Trump cycled through four total national security advisers during his first term. Whoever succeeds Waltz will be Trump’s sixth person in that position over two presidencies.
Waltz already survived one round of cuts to the National Security Council. Far-right conspiracy theorist Laura Loomer in April convinced Trump that Waltz had hired aides harmful to his agenda, leading to the ouster of at least four staffers. Waltz kept his job, though the episode was indicative of how he had lost influence with the president and control over his own team.

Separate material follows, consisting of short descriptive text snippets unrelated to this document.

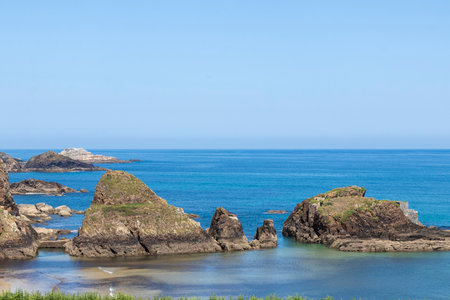 serene coastal landscape with rocky formations, clear blue sky, and calm turquoise watersの写真素材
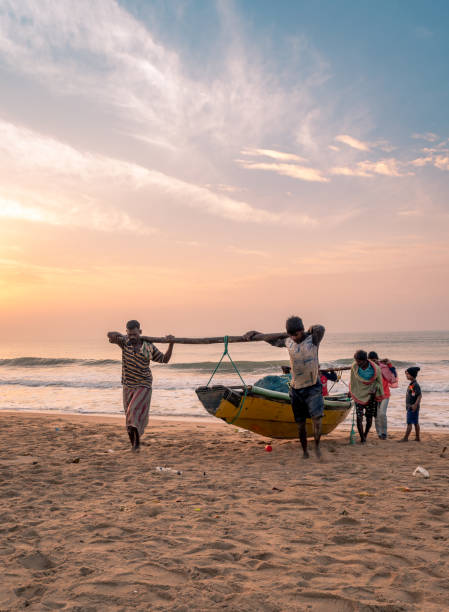 Fishermen November 16,2018. Puri, Odisha, india. Fishermen toeing their fishing boat to Puri beach. bay of bengal stock pictures, royalty-free photos & images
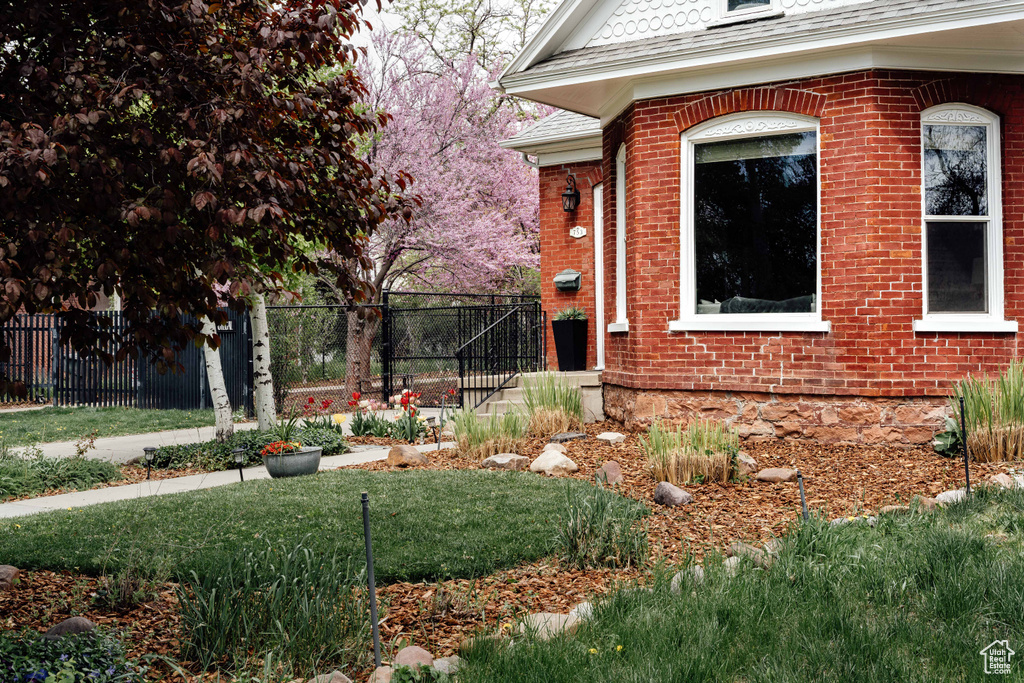 Exterior space with brick siding, fence, and a yard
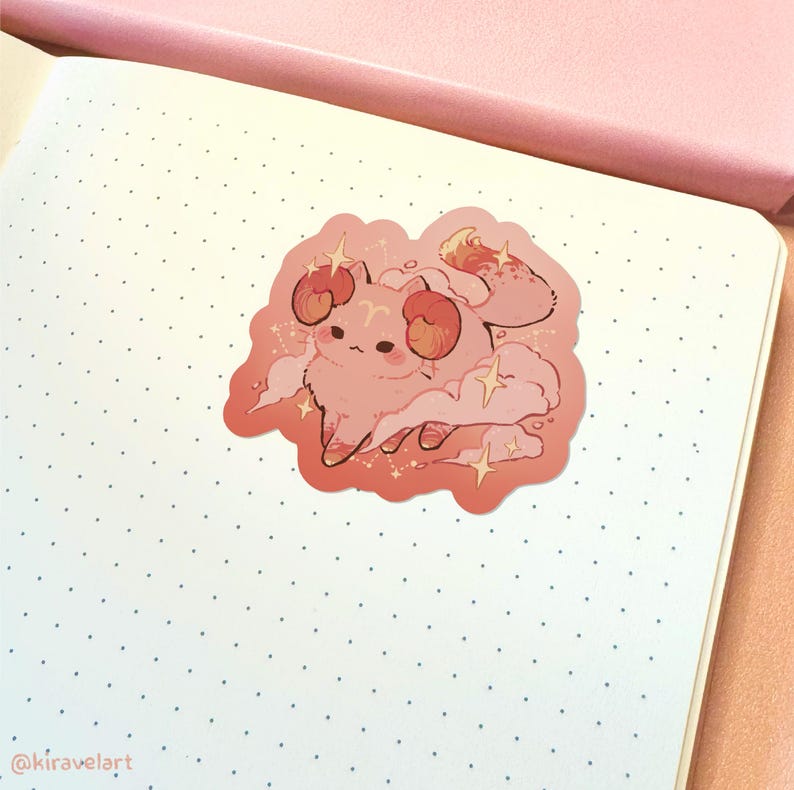 May include: A pink and orange sticker featuring a cartoon cat with ram horns, surrounded by clouds and stars. The cat is wearing a pink and orange outfit and has a cute expression on its face.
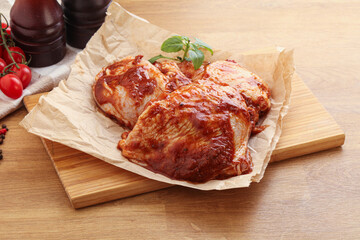 Marinated chicken leg in tomato sauce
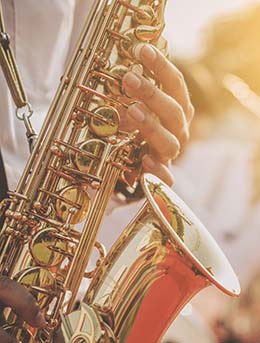 man playing the saxophone at the cape town international jazz festival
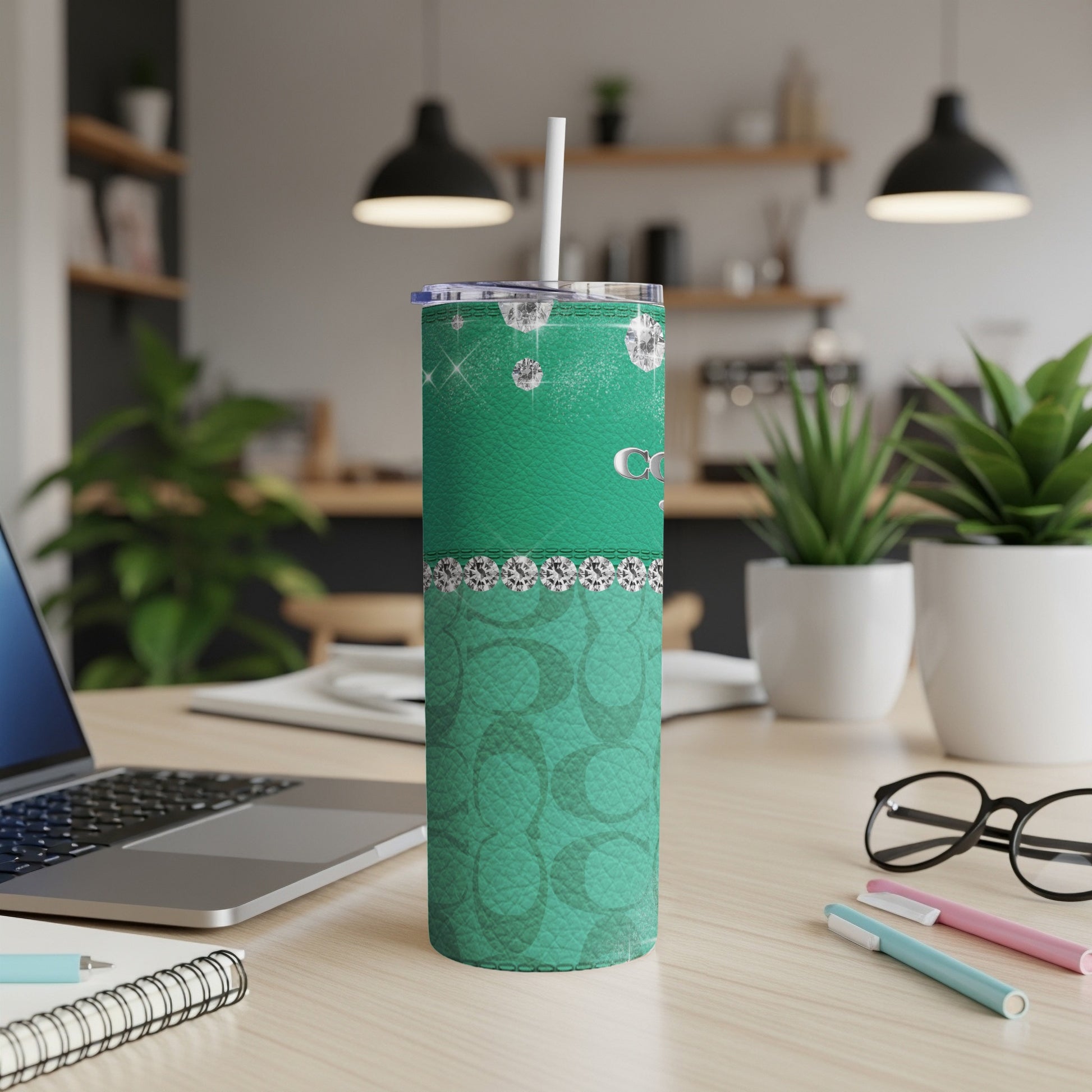 Green tumbler with diamonds and repeating logo pattern.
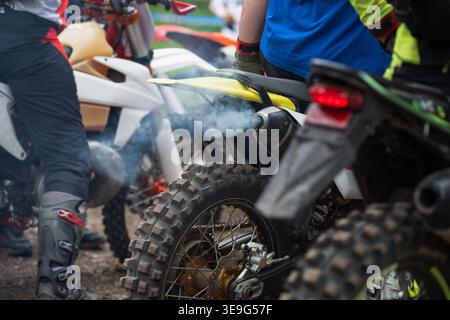 Eine Nahaufnahme von blauem Rauch, der aus einem Schmutzfahrrad-Auspuffrohr kommt. Das Bild erfasst den Moment vor dem Start eines Motocross- oder Enduro-Rennens, wi Stockfoto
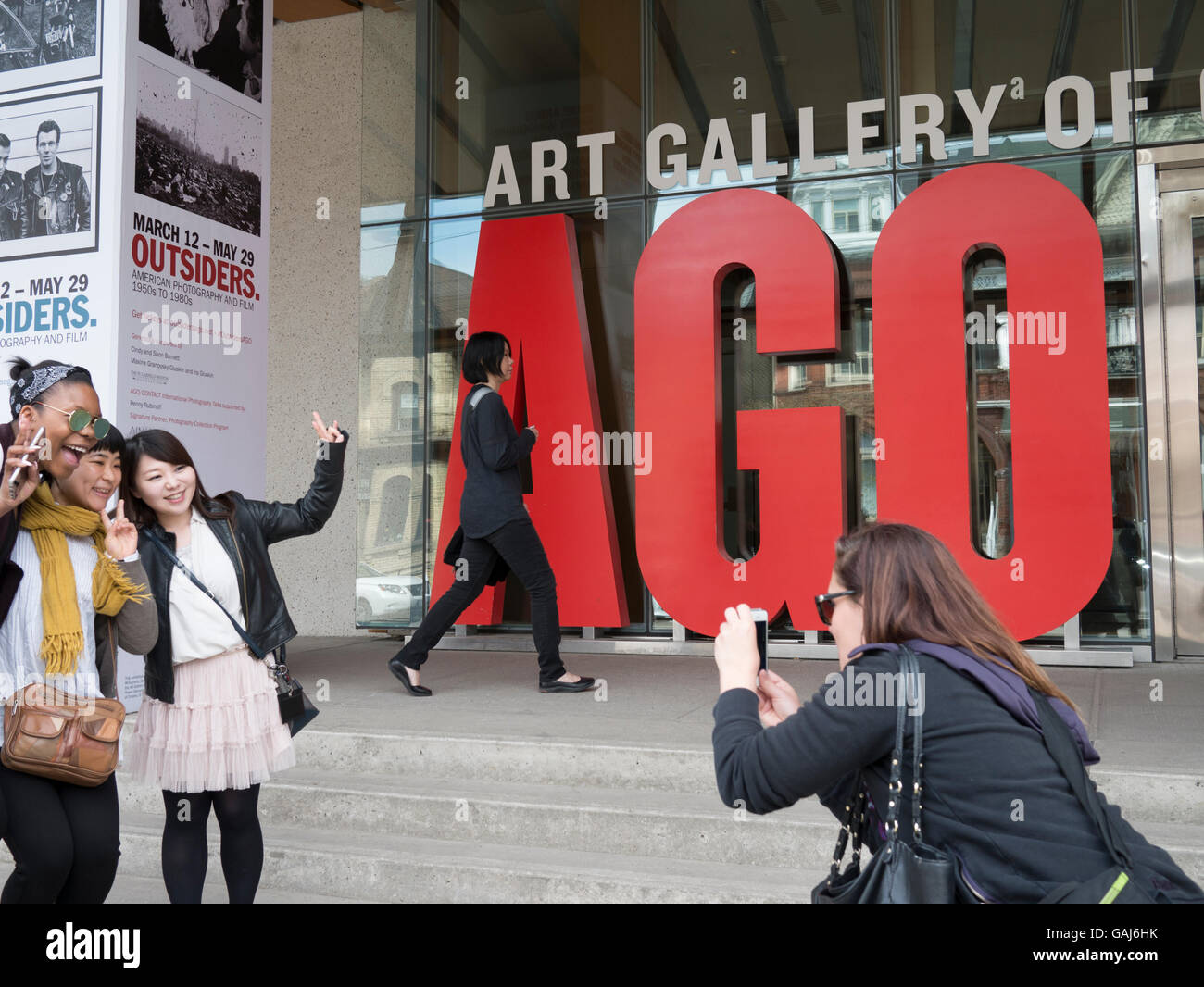 Exterior view of AGO Toronto. Tourists taking photographs. Art Gallery of Ontario is among the most distinguished art museums in North America. Stock Photo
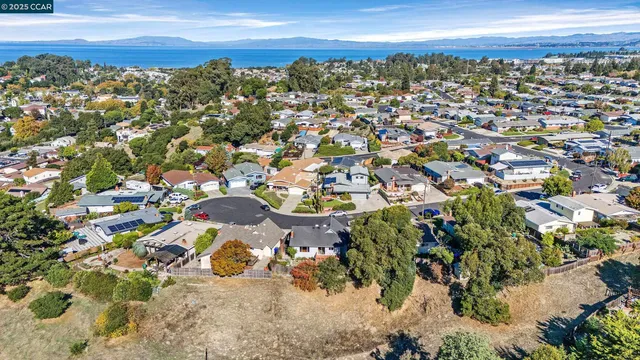 an aerial view of a city with lots of residential buildings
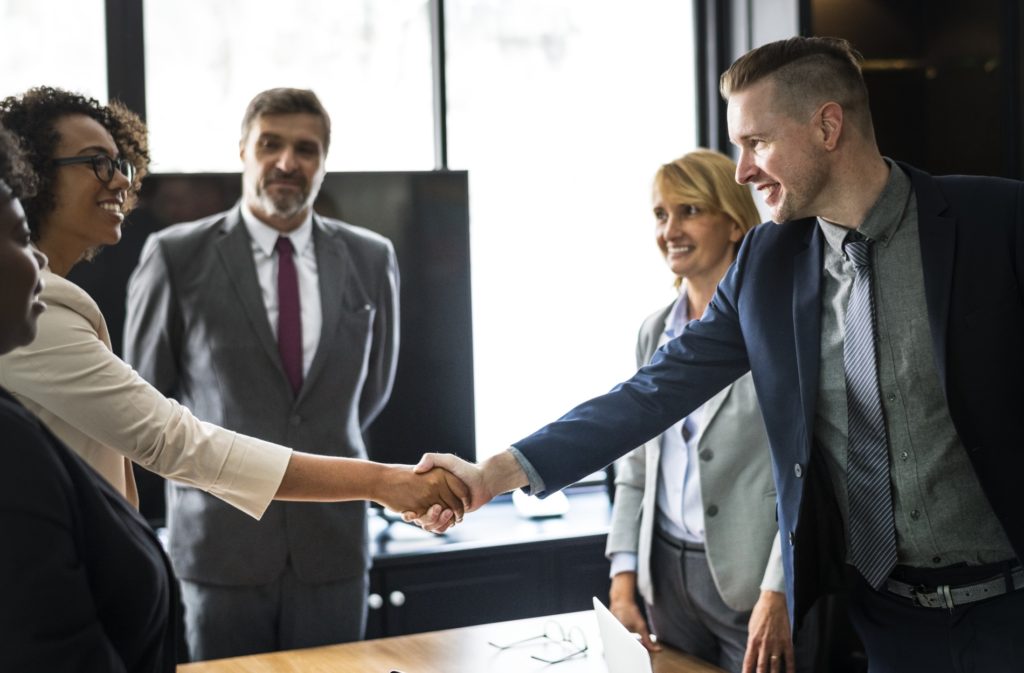 Business people shaking hands in a meeting room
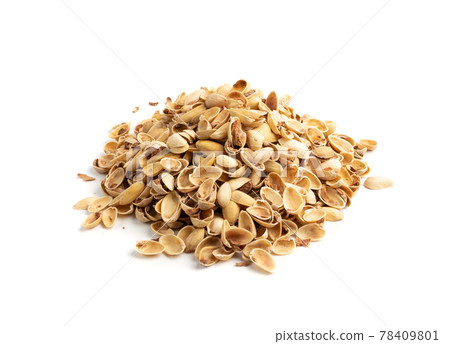 Pile of pistachios husks isolated on white background Pile of pistachios husks isolated on white background 78409801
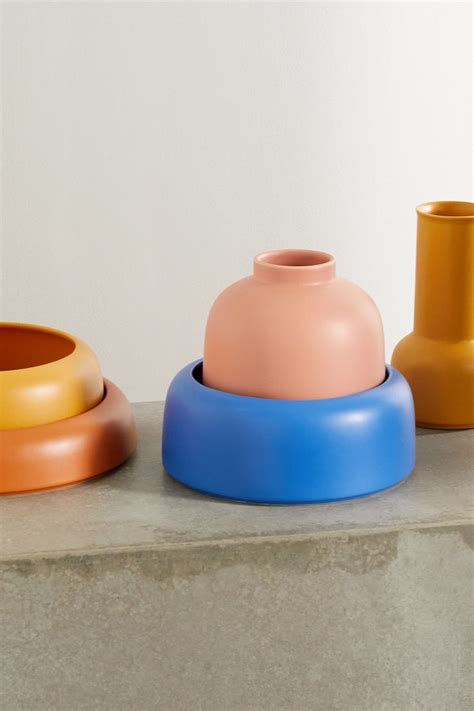 Three Different Colored Vases Sitting Next To Each Other On A Cement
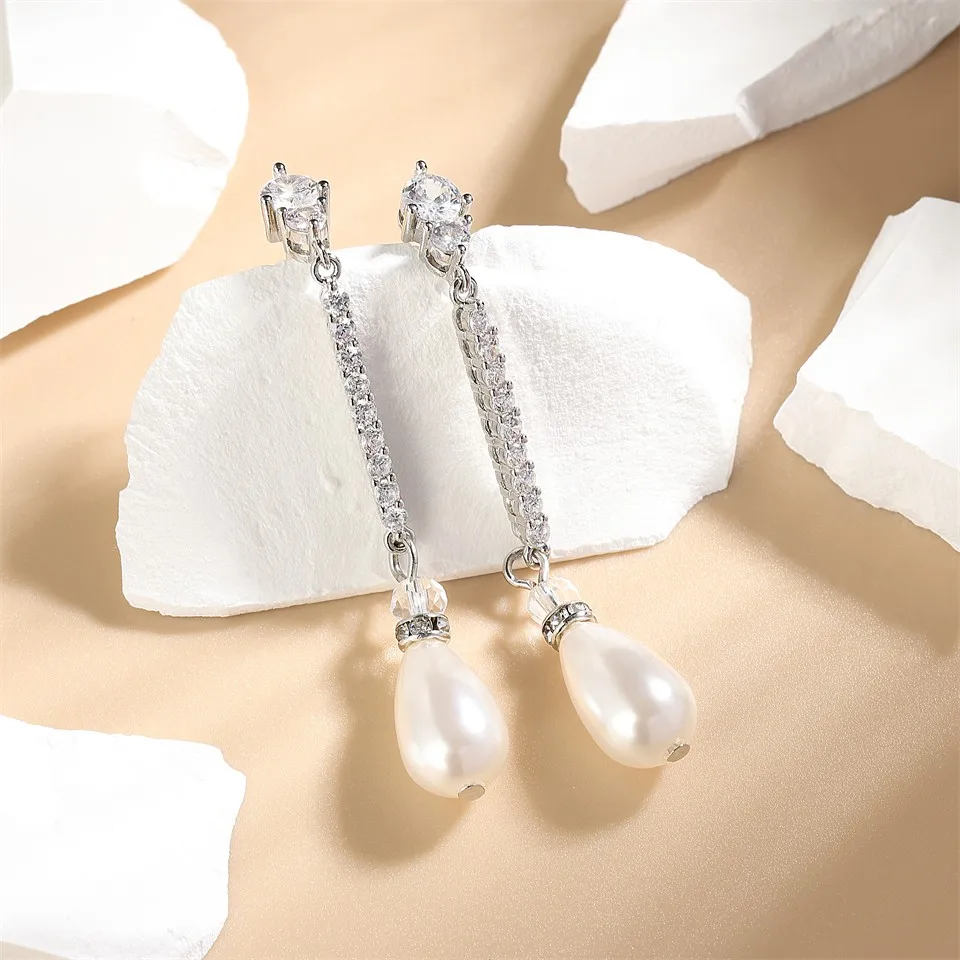 ZAKOL Elegantné Biele Imitácie Perál Drop Náušnice pre Ženy Jemné Lesklé CZ Zirkón Dlhé Náušnice Svadobné Svadobné Šperky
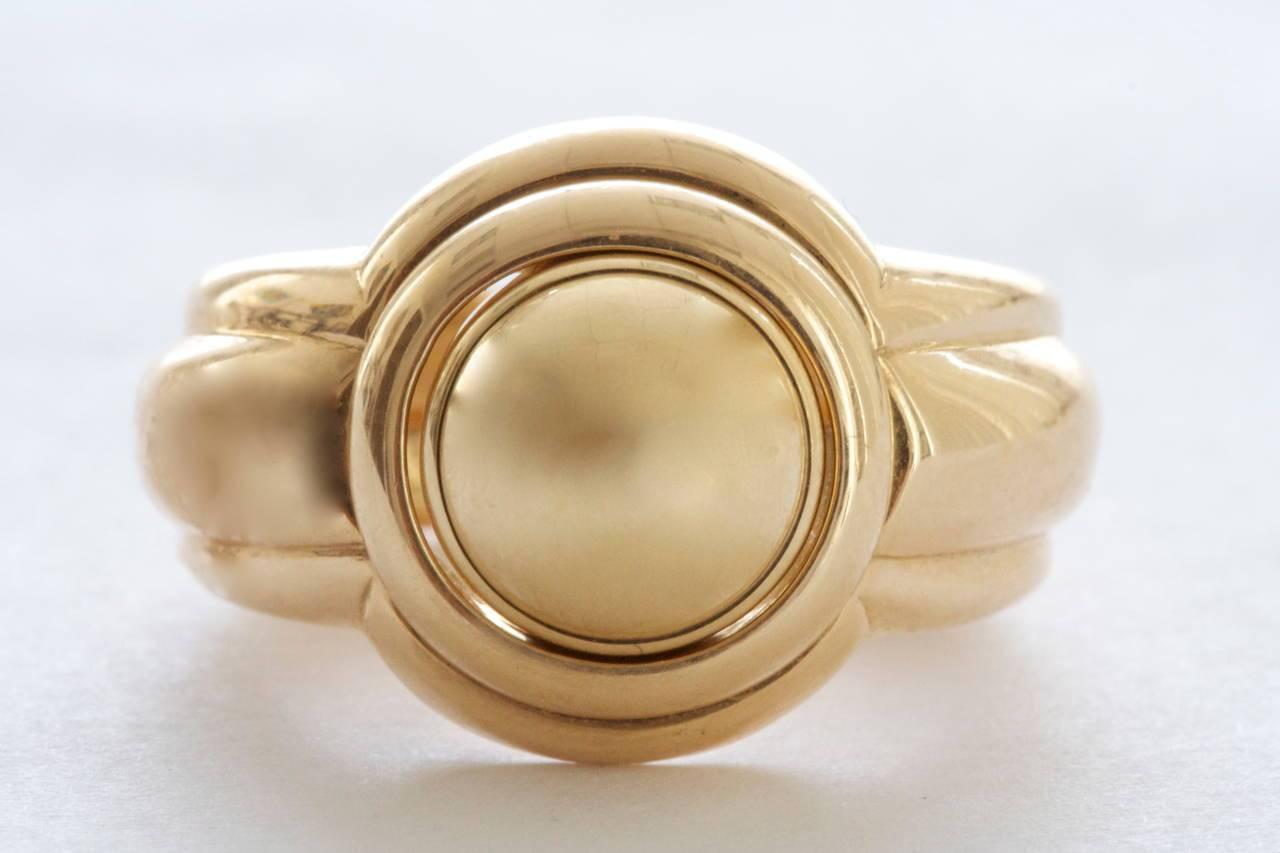 A creative and practical design from the French jewelry house Piaget. Crafted in 18k yellow gold the ring has an interchangeable tourmaline and gold center dome. Size 56.

Signed Piaget and dated 1993.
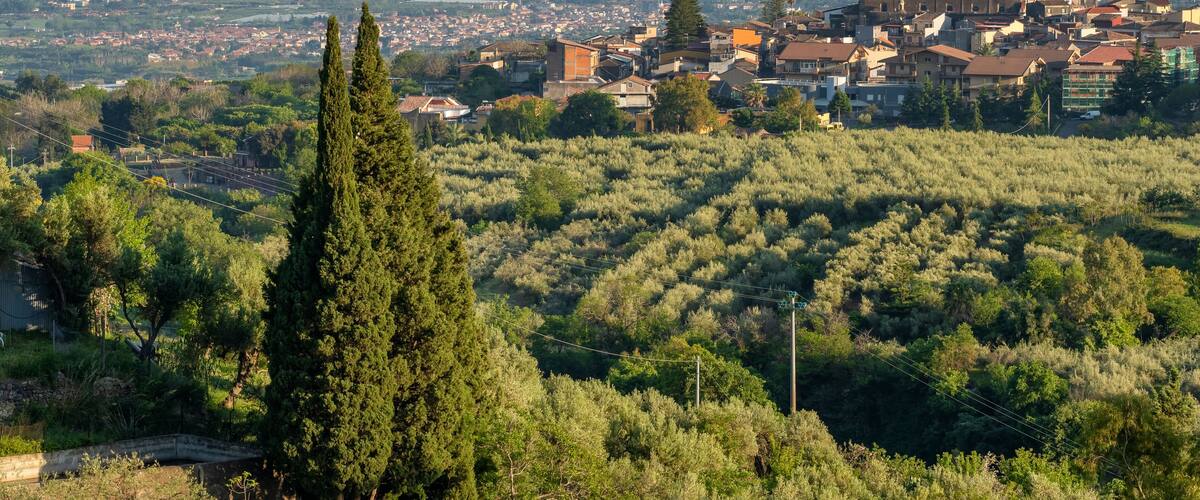 Beautiful sicilian landscape with Piedimonte Etneo town, Italy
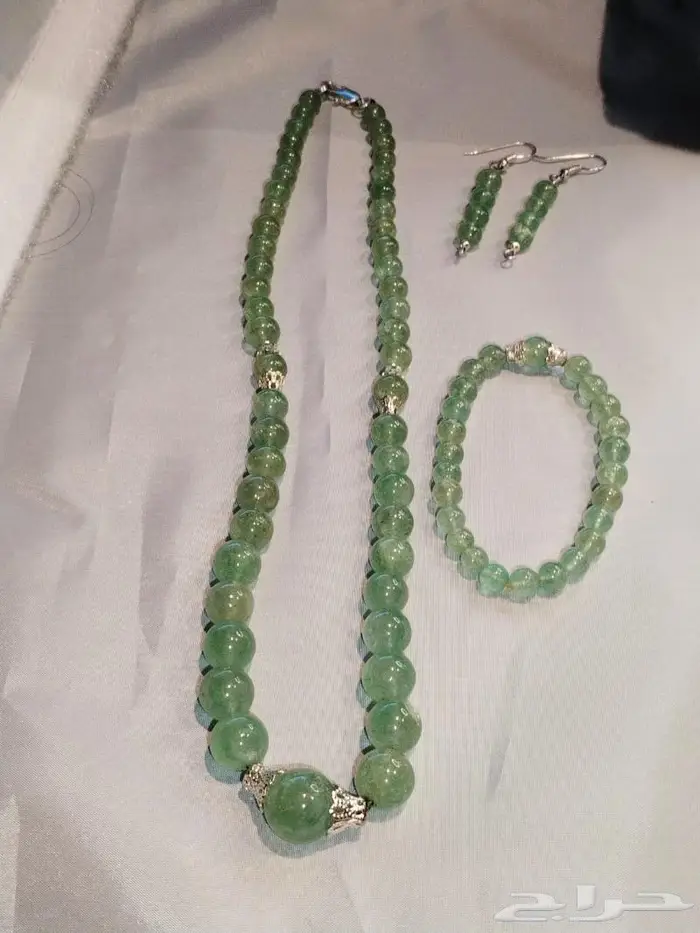 طقم نسائي من حجر الزمرد الزامبي 0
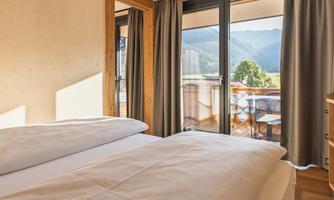A cozy bedroom with a large window that offers a view of the mountains. Outside, there is a balcony with seating.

Waltz cut a diminished figure after the revelation he inadvertently placed The Atlantic’s Jeffrey Goldberg into the Signal chat where senior officials like Vice President JD Vance and Defence Secretary Pete Hegseth debated coming strikes on the Houthis. Waltz also referenced intelligence provided to the US by Israel in the discussion on the encrypted-but-unclassified system.
The report sent shock waves through Washington and immediately sparked questions about Waltz’s future as national security adviser. Trump stood by Waltz, calling the Signal story overblown by the media as aides said the president had complete confidence in him.
Soon after news of the Signal chat broke last month, Trump let Waltz know in a one-on-one meeting that the national security adviser would keep his job.
But Trump continued to ask personal allies in the White House and Mar-a-Lago, his private Florida club, what they thought of Waltz, a sign that the president was considering alternatives.
Hegseth has come under fire for using his personal phone to relay information about the Houthi operation on a second Signal chat that included his wife. Some current and former Defense officials have accused him of running a dysfunctional front office at the Pentagon.
Trump, as he did initially with Waltz, has insisted he stands by his defence chief.